Table 1 C2C12 image sequences and their split into training and test examples.

Mitosis detection

We compared GNN-DOL with a state-of-the-art GNN model by Ben-Haim and Raviv (GNN-B & R)9. This model was trained only with F0009 in the original paper, but we trained it with all the annotations using their code27. Note that GNN-B & R does not impose the constraints on cell correspondences. GNN-DOL was additionally compared with MPM14, a popular mitosis detection method. We evaluated how accurately mitosis events (i.e., the parent cells) are identified in each test sequence (Table 2). It is observed that GNN-DOL performs consistently better than GNN-B & R, MPM and Naive-GNN. GNN-B & R achieved high precision but relatively low recall, indicating that they are likely to miss hard-to-detect mitosis events. Our results suggest that imposing the constraint by DOL is beneficial in identifying mitosis events correctly. A downside of using DOL, however, is that it is computationally more demanding due to the use of quadratic programming. Figure 3b shows that the computational time of GNN-DOL for processing a pair of frames is about three times longer than Naive-GNN.

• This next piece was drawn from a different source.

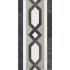 Via Emilia Itala Grigio Naturale Fascia 10x20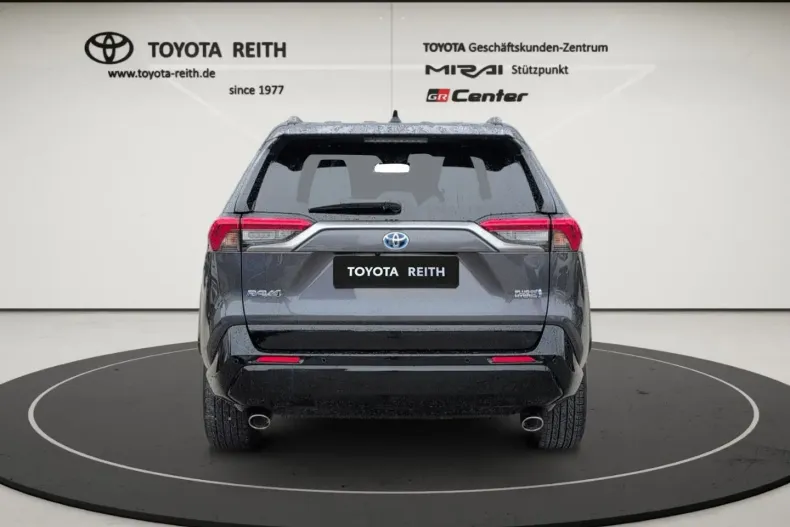 Toyota RAV4 din 2021 cu 68.426 km - oferta TOY179063 - foto 13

Table 2 Detection accuracy of mitosis events.

Cell correspondence prediction

We also investigated the prediction accuracy of cell correpondence prediction. Frames with at least one parent cell and their next frames are chosen for examination. GNN-DOL, GNN-B & R and Naive-GNN are applied to the pair of cell graphs derived from the frame pairs. The predicted corresponding matrix Z is compared with the ground truth. In Fig. 4a,b GNN-DOL is compared with GNN-DOL and GNN-B & R in terms of F1-score, respectively. GNN-DOL performed better than Naive-GNN and GNN-B & R consistently, showing the significant contribution of DOL. It is also found that GNN-B & R tends to fail badly, when there are more than one mitosis events happening. Multiple mitosis cases occur rarely in training data, so it should be hard to learn via purely data-driven approaches.

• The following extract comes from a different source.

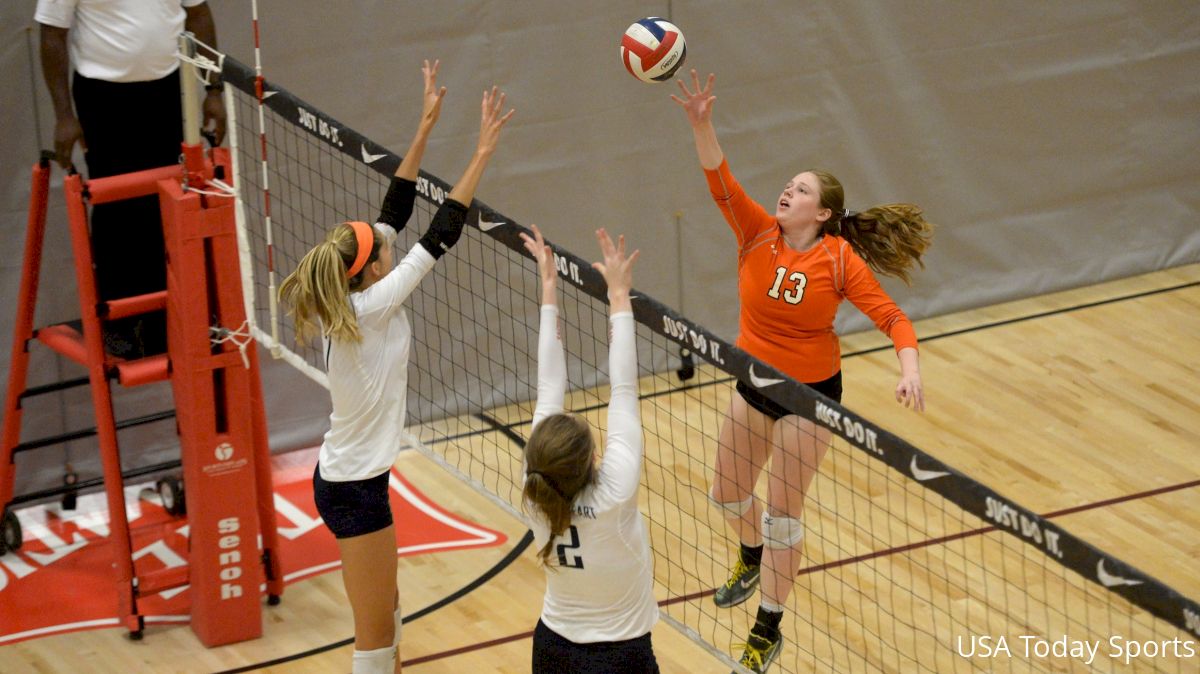 The Top 5 Matches from the Nike Tournament of Champions FloVolleyball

In this paper, we proposed a differentiable model, GNN-DOL, to detect cell mitosis from video. GNN-DOL was particularly accurate, when there are multiple mitosis events in an image. Our method should be useful to measure mitosis frequency under the influence of a drug, which is an important step of drug development. While GNN-DOL is designed for predicting cell correspondences in two adjacent images and amenable to online video processing, it may also contribute to cell lineage analysis28,29 over a long time frame. A drawback of our method is that U-net and GNN-DOL are separate and not unified. The cell identification mistakes of U-net are carried over to GNN-DOL and can never be corrected. If a unified network that can learn the mitosis detection task in the end-to-end fashion is constructed, this problem may be alleviated.

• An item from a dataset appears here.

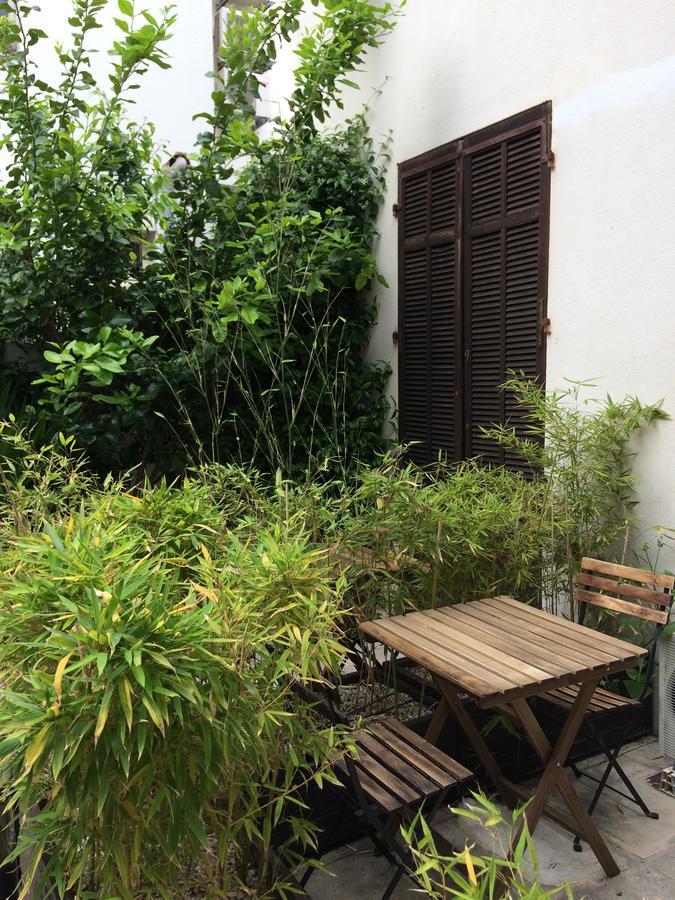 Hotel Saint-Charles Juan-les-Pins Esterno foto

Deep learning models have shown that, given a large amount of data, rules and constraints behind the data can be automatically discovered and utilized for accurate prediction23. However, in scientific applications such as mitosis detection, the amount of data is inherently limited and incorporating known constraints as DOL can be advantageous over purely data driven approaches. In future, we would like to explore the possibilities of DOLs further in various scientific domains.

Figure 1
figure 1

Example of cell mitosis. A parent cell divides into two daughter cells at frame t.

Figure 2
figure 2

Overview of GNN-DOL. Cells are detected from each image and converted to a cell graph. Edge and node features are updated by a graph neural network (GNN), and the similarity matrix Q is constructed from the updated features. A differential optimization layer (DOL) derives the optimal correpondence between the cells from Q.

Figure 3
figure 3

(a) Number of cells in each frame. (b) Computational time of GNN-DOL and Naive-GNN for processing a pair of consective frames.

Figure 4
figure 4

(a) Distribution of F1-scores of GNN-DOL and Naive-GNN for identifying cell correspondences. The horizontal and vertical axes represent the F1-scores of Naive-GNN and GNN-DOL, respectively. Marker shapes indicate the number of mitosis events in a frame. A circular marker shows that the frame has only one event and a triangular one shows that there are two or more. (b) Comparison of GNN-DOL and GNN-B & R.